More than 1m people in Europe have signed petitions against the Transatlantic Trade and Investment Partnership. In Britain, a YouGov poll showed that those who thought the plan would be bad for Britain outnumbered those who thought it would be beneficial by three to one. YouGov did not go on to ask: “Do you have the faintest idea what the previous question was about?” (To be fair, one-third of those questioned had the sense to say they did not know.)

TTIP, currently being negotiated between America and the EU, is an ambitious attempt to create a north Atlantic free trade area. With no tariffs and harmonised regulation, businesses could compete (and products could move freely) from California to Croatia. My instinct is to approve. But the protesters might have a point.

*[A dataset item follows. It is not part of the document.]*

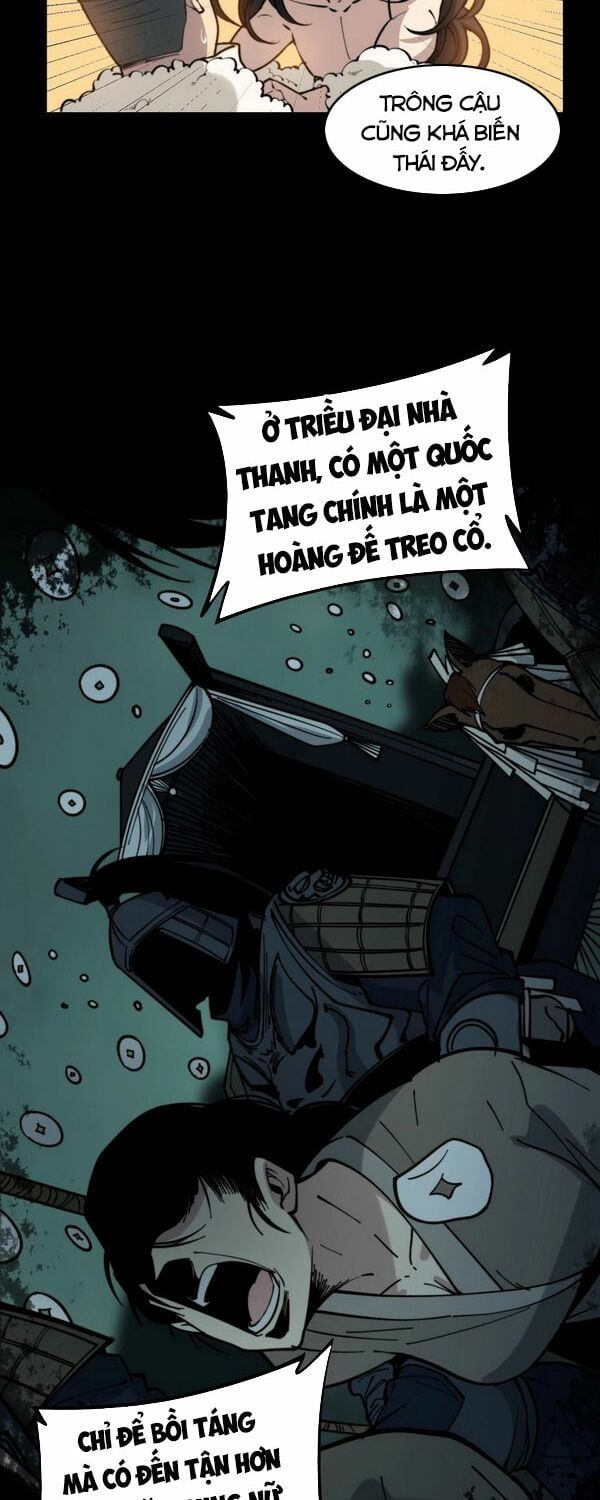 đọc truyện Độc Thủ Vu Y Chương 227 ảnh 26 tại Thiên Thai Truyện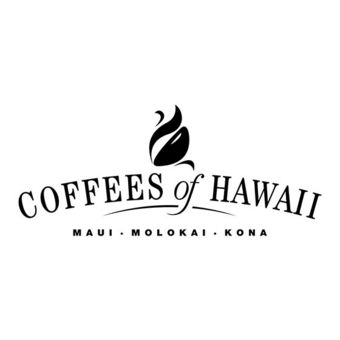 Coffees of Hawaii品牌LOGO图片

Serious bargaining incorporates an element of bluff, and too much transparency can prove an obstacle to necessary compromises. Some degree of privacy is indispensable. But Brussels and Washington, where most of the negotiations are being conducted, are the lobbying capitals of the world — places where large corporations spend lavishly in the finest restaurants. In the absence of a more open process it is very difficult to refute the general allegation that the TTIP agenda is driven by big business interests; or specific claims that Europe might — for example — find itself moving towards a US-style patent system, which is increasingly a licence to litigate rather than a spur to innovation.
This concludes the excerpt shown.